Na segunda parte do nosso texto, os discípulos, pela voz de Pedro, recordam a Jesus que deixaram tudo para o seguir. A renúncia dos discípulos não é, contudo, uma renúncia que se justifica por si mesma e que tem valor em si mesma… Os discípulos de Jesus não escolhem a pobreza porque a pobreza, em si, é uma coisa boa; nem deixam as pessoas que amam pelo gosto de deixá-las… Quando os discípulos de Jesus renunciam a determinados valores, muitas vezes valores legítimos e importantes, é em vista de um bem maior – o seguimento de Jesus e o anúncio do Evangelho. Jesus confirma a validade desta opção e assegura aos discípulos que o caminho escolhido por eles não é um caminho de perda, de solidão, de morte, mas é um caminho de ganho, de comunhão, de vida.
Esta opção dos discípulos será sempre incompreendida e recusada pelo mundo. Por isso, os discípulos conhecerão também a perseguição e o sofrimento. As tribulações não são um drama imprevisto e sem sentido: os discípulos devem estar preparados para as enfrentar, pois sabem que terão sempre de viver com a oposição do mundo, enquanto se mantiverem fiéis a Jesus e ao Evangelho. Aconteça o que acontecer, os discípulos devem estar conscientes de que a opção pelo Reino e pelos seus valores lhes garantirá uma vida cheia e feliz nesta terra e, no mundo futuro, a vida eterna.

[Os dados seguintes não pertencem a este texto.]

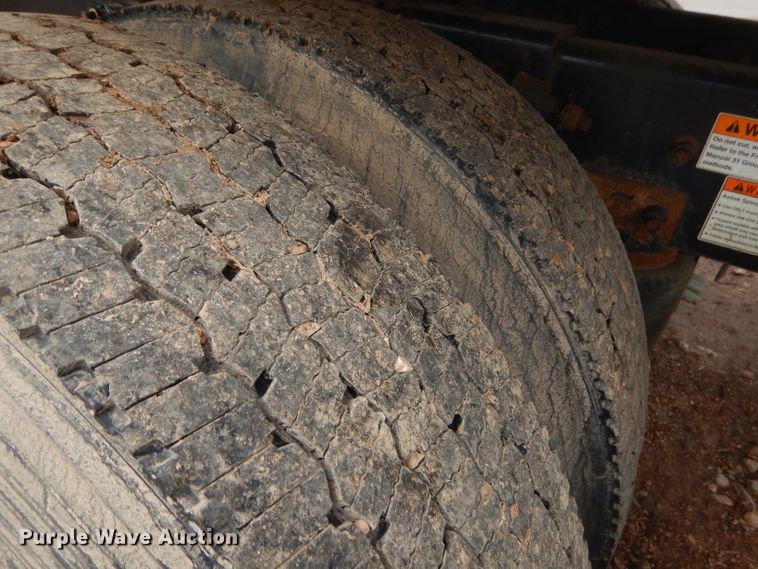 image for item GB9526 2007 Freightliner Columbia semi truck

Quando falamos em vida eterna, não estamos a falar apenas na vida que nos espera no céu; mas estamos a falar de uma vida plena de qualidade, que leva-nos à plena realização, de uma vida de paz e de felicidade. Deus oferece-nos essa vida já neste mundo e convida-nos a acolhê-la e a escolhê-la em cada dia da nossa caminhada nesta terra; no entanto, sabemos que só atingiremos a plenitude da vida quando nos libertarmos da nossa finitude, das limitações que a nossa humanidade nos impõem. A vida eterna é uma realidade que deve marcar cada passo da nossa existência terrena e que atingirá a plenitude na outra vida, no céu.
Na perspectiva de Jesus, a vida eterna passa pela adesão a esse Reino que Ele veio anunciar. Jesus, com a sua vida, suas propostas, seus valores. Quem quiser “alcançar a vida eterna” tem de olhar para Jesus, aprender com Ele, segui-l’O, fazer da própria vida – como Jesus fez da sua vida – uma escuta atenta das propostas de Deus e um dom de amor aos irmãos. E assim, pode-se afirmar e dizer ao outro: “Preciso de ti. Sem ti, serei pobre em humanidade”. Desta forma, ter em Jesus, caminho de amor, de serviço, de dom da vida que Cristo nos ensinou a percorrer. Assim seja! Amém.